Opened at 2008-07-02T00:27:38Z
Last modified at 2008-09-03T01:17:14Z
#485 closed task
server incident reporting — at Initial Version
Reported by: | warner | Owned by: | somebody |
---|---|---|---|
Priority: | major | Milestone: | 1.3.0 |
Component: | operational | Version: | 1.1.0 |
Keywords: | Cc: | ||
Launchpad Bug: |
Description
The current version of Foolscap now has code to report "incidents", which are logs of the events that led up to some high-severity event. There is also an API to subscribe to hear about these events.
We need to build a gathering mechanism for these events. The storage servers on a commercial grid should report Incidents to this gatherer, and the gatherer can then summarize and deliver them via email, or an RSS feed.
See also #484, which addresses a similar issue on the client side.
Things to be wary of: overloading the gatherer, bounding the sender's queue size, thundering herds if many servers experience problems at the same time.

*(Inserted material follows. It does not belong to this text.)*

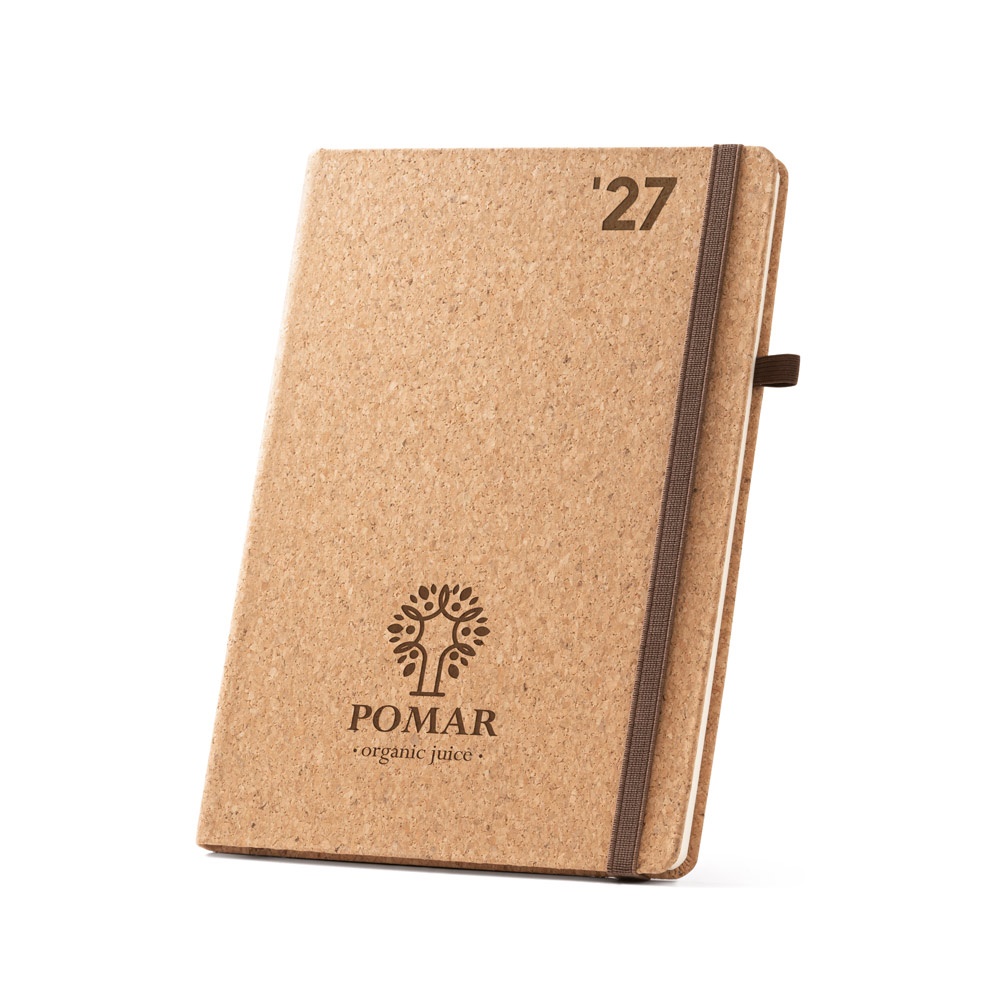 POMAR B5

The gatherer's interface should have a way to manage display of incidents: human operators should be able to say "yes, I know about that one", and not be distracted by well-known problems for which a fix is in progress. This kind of implies a table of incident disposition (new, still-troublesome, ignored), and maybe eventually a mechanism to automatically classify new incidents as being in a known category ("another 42 instances of Bug#123 were seen today").